This blog continues my exploration of the great mysteries of the health of the economy.
Northwestern University is one of the largest Blue Cross of Illinois customers. Let us assume that the premium for all BC plans are expected to increase by 10 percent, but is now able to force Blue Cross to accept a 5 percent increase. Would you expect that Blue Cross McDonalds stick to the 15 percent increase to cover the deficit from NOW?
I will, for two reasons. First, McDonald’s is likely to threaten his insurance elsewhere. In the second scenario I described is consistent with the maximization of profit Blue Cross.After all, it means BC’s ability to keep McDonald’s 15 percent growth at least not depend on the price paid by NU. Each dealer will to keep him McDonalds is tied to the prices NOW leaving money on the table and probably would have been fired long ago.
We can expect that BC will never raise prices for some customers to the shortcomings of others, so why do we think that still in the hospital? It is possible to discuss Medicare and Medicaid payments, without anyone calling mantra of cost shifting. Theory of cost shifting is deeply rooted in the minds of decision makers and health policy implications of this theory are profound. Consider that if hospitals cost shift the burden of Medicaid reductions attributable to privately insured patients, not on Medicaid patients and hospitals that serve them. This requires that the question whether the cuts will result in some savings for taxpayers and cause harm to Medicaid recipients. Also wonder why a hospital that serves low-income communities struggling for survival. You can not just cost-shift the path of economic difficulties? Cost-shifting fanatic would have concluded that managers of these hospitals are incompetent.
I must admit that I committed one of the most cited papers proving that the cost shifting. I studied what happened in Illinois hospitals in the early 1980s there was a significant reduction in Medicaid fees, finding that the hospital is increasing prices to privately insured patients represent a great deal about half of Medicaid deficit. But it was different then, and I do not think that the evidence can be used to describe what is happening today. Firstly, it has been virtually no managed care in Illinois, so that insurers had to accept prices set by hospitals. Insurance companies are much stronger today than they were back. Secondly, all hospitals in Illinois were nonprofit organizations, and if I could tell, mostly based Mission Over profits. It is therefore possible to believe that the Medicaid cuts, hospital really went private money on the table. With all the empire building that the hospital takes care today, it’s hard to believe that it would never leave the insurance money on the table. It’s just hard to believe that it would be necessary under the guise of government cutbacks before sticking it to the insurer.

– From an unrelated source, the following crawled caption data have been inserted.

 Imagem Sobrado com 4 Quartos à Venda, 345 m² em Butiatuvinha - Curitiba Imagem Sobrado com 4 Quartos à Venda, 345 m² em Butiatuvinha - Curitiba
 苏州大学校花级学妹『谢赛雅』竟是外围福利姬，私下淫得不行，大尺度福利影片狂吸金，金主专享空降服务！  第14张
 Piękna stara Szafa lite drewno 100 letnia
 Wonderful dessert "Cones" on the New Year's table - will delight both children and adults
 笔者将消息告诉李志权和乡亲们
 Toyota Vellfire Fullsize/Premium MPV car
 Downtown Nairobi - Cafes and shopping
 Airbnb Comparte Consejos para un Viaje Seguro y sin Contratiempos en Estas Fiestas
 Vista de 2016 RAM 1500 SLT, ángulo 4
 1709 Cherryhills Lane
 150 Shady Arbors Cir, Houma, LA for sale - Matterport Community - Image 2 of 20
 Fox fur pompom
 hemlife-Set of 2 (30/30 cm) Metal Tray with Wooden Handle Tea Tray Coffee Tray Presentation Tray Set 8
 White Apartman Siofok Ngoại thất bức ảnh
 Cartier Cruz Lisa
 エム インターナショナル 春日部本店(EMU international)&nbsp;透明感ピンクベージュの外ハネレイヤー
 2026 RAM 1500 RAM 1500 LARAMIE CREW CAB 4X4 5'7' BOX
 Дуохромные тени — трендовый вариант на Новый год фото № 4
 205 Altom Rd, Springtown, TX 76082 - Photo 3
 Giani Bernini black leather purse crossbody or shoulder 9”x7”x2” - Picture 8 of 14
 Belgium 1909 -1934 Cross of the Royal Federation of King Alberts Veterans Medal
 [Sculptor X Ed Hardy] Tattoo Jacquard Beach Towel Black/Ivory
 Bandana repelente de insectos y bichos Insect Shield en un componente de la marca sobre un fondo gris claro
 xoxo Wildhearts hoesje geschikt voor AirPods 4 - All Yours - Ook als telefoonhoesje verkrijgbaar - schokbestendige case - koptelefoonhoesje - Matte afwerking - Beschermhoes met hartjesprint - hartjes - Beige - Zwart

Cost-switch may be faulty theory, but can still be a discrepancy between theory and practice. Hospitals may change because, well, that’s what they think they do. What is modern evidence show? White, and I published another work, a dozen years ago, to track what has happened in hospitals, in California, after the big cuts in Medicaid. We found that hospitals that experienced a large Medicaid cuts also experienced relatively slower growth in private-sector payments, the opposite of what would happen under the cost to move. There are quite a few other studies showing that the quality of care for Medicaid and Medicare patients suffer when government payments falls. This can happen if hospitals cost shift.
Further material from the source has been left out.